EXERCISE DETAILS:
Reproduce exactly, and only, the lines of the material below running from the line bearing "Peugeot 308 Hatchback 1,2 l 96 kw" through the line bearing "蒋介石与李惠堂合照 蒋介石与李惠堂合照". Leave any pictures out.

WORKING DATA:
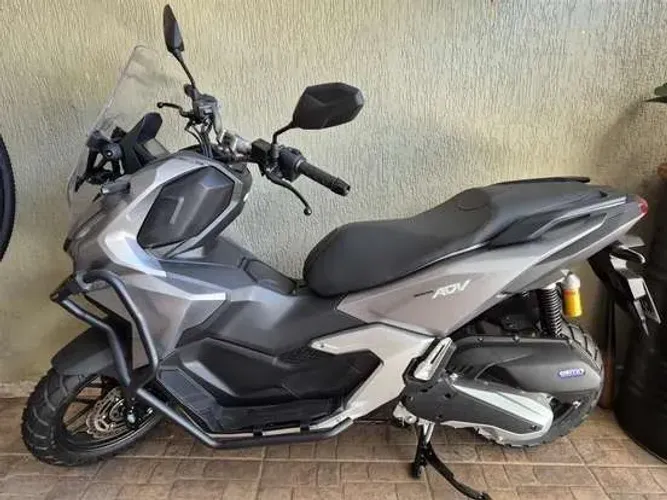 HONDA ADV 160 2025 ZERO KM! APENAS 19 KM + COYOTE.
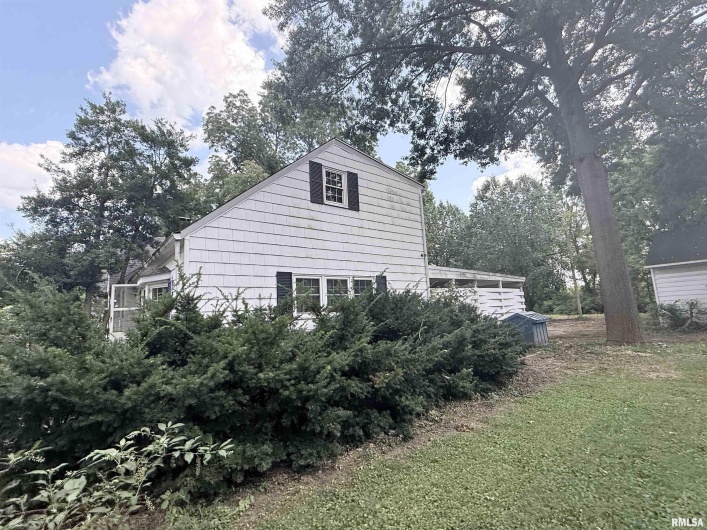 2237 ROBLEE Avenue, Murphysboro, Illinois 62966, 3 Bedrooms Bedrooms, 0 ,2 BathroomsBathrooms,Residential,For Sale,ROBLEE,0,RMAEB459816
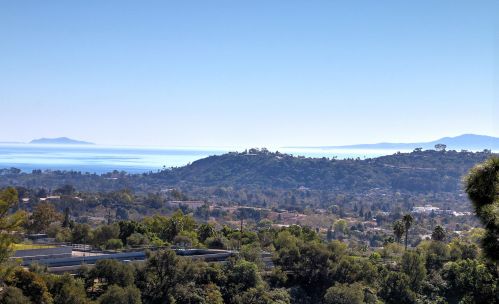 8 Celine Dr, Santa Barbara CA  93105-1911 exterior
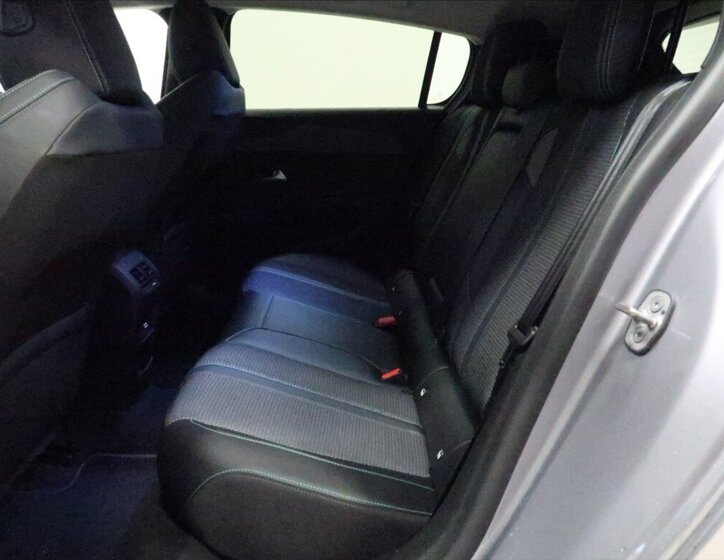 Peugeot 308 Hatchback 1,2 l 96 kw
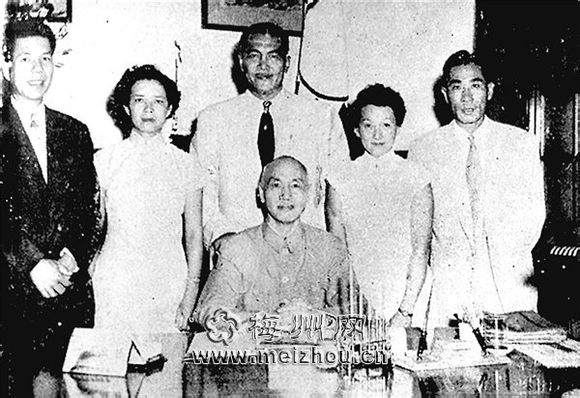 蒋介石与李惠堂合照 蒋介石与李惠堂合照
* * *
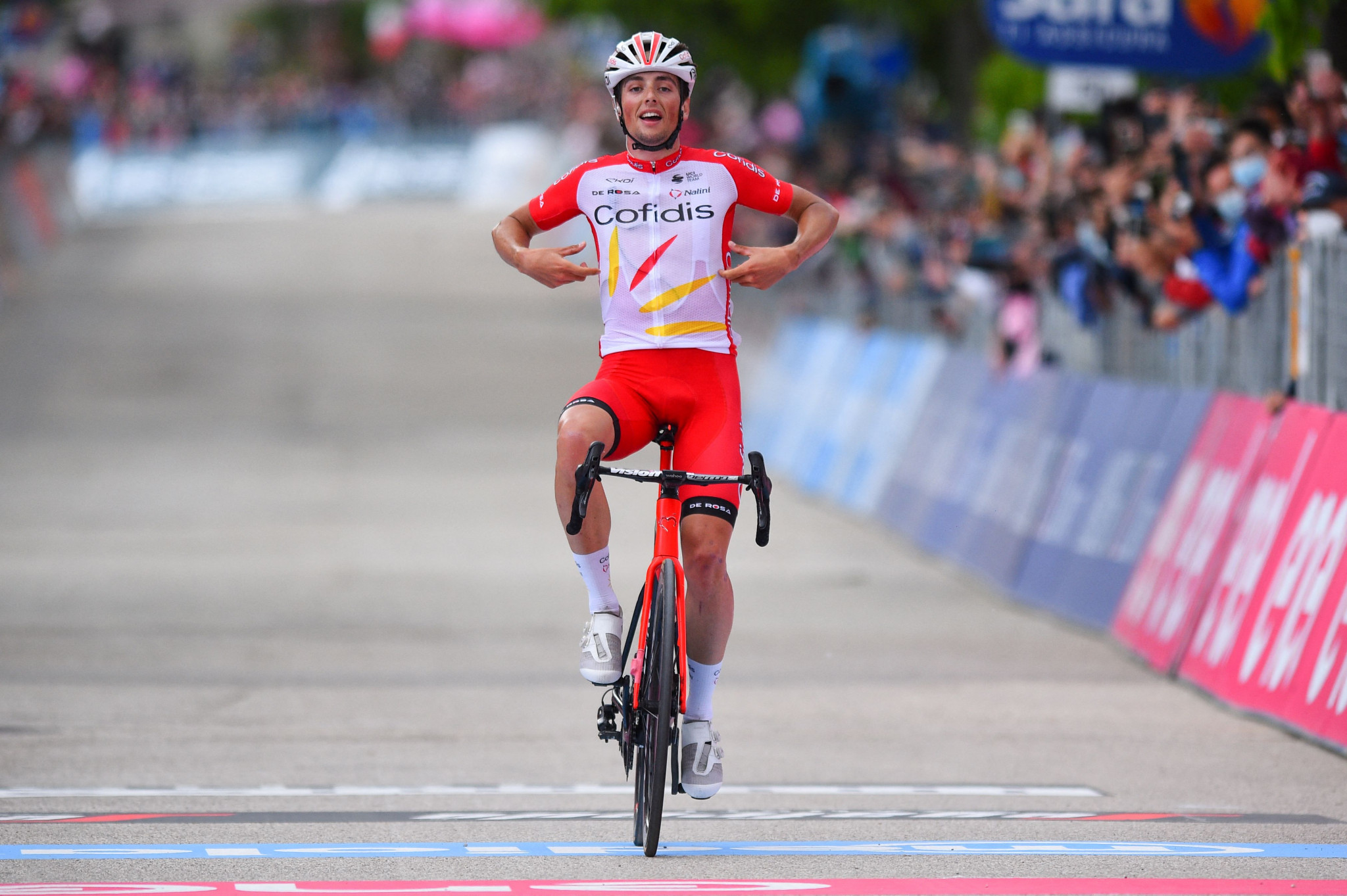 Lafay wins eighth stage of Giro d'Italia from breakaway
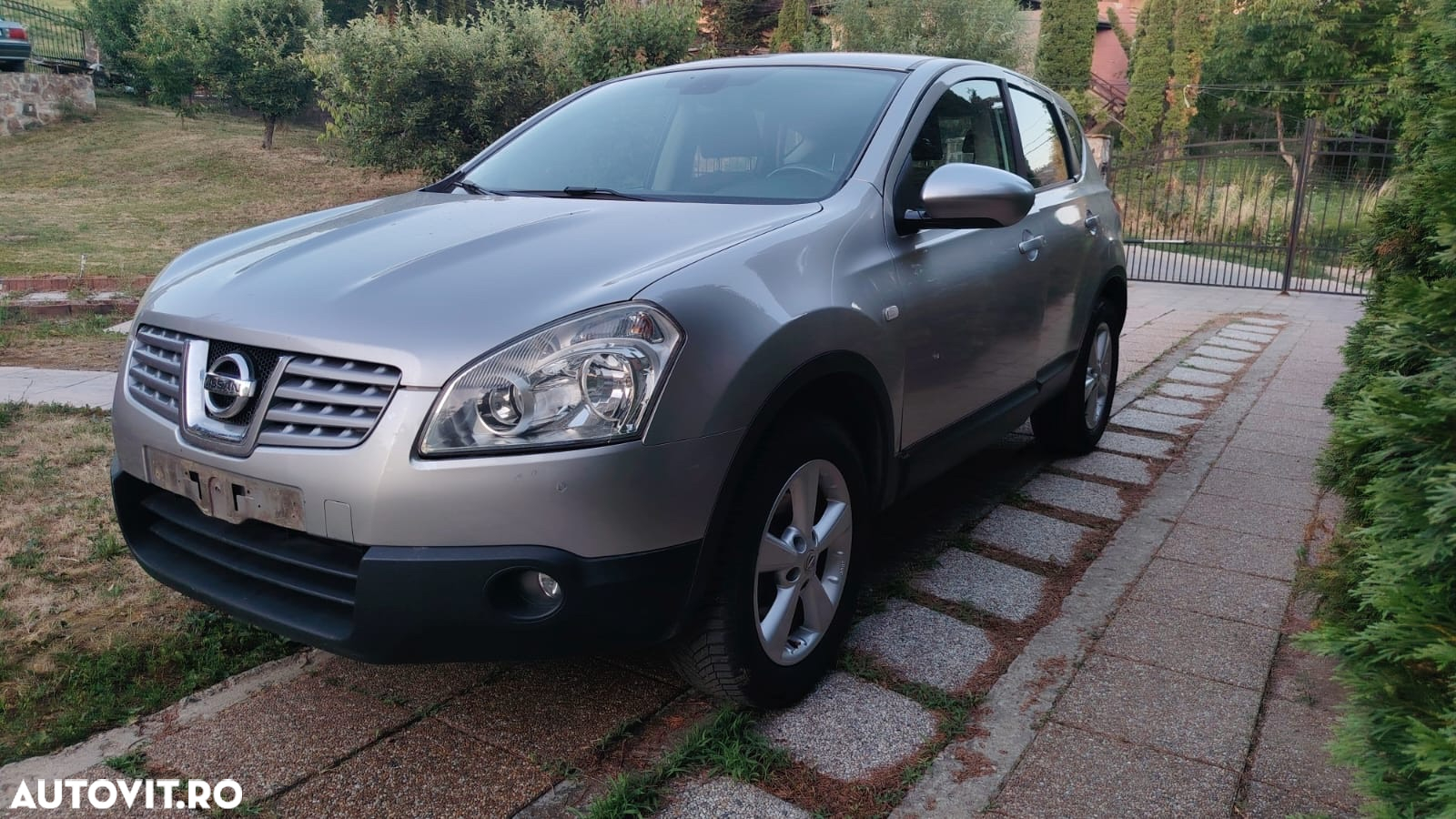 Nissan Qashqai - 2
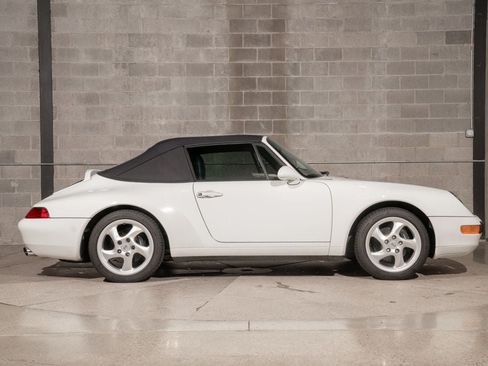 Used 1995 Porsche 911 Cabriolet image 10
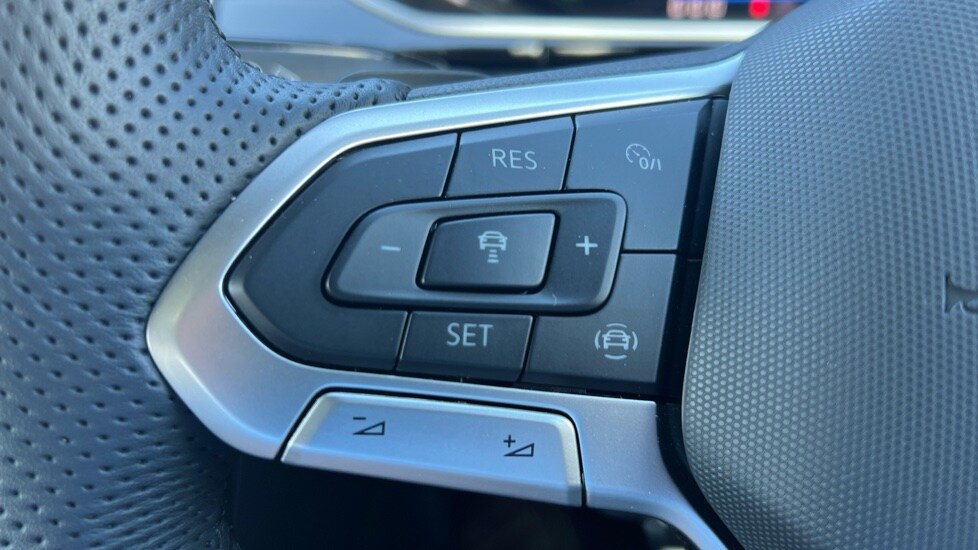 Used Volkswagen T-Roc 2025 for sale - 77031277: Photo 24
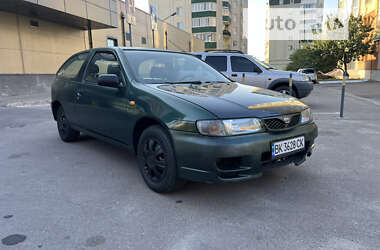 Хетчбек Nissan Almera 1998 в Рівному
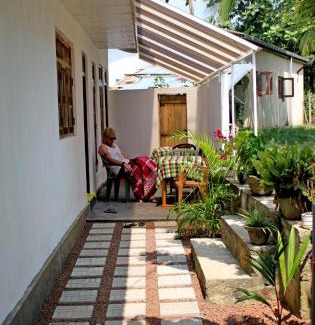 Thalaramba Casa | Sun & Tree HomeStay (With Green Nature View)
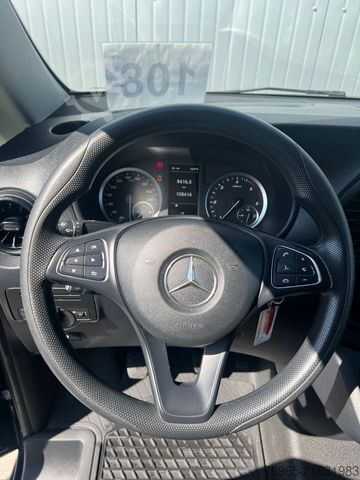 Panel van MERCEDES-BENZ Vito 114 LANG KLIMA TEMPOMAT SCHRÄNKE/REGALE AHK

OUTPUT FOR THIS TASK:
 Peugeot 308 Hatchback 1,2 l 96 kw
 蒋介石与李惠堂合照 蒋介石与李惠堂合照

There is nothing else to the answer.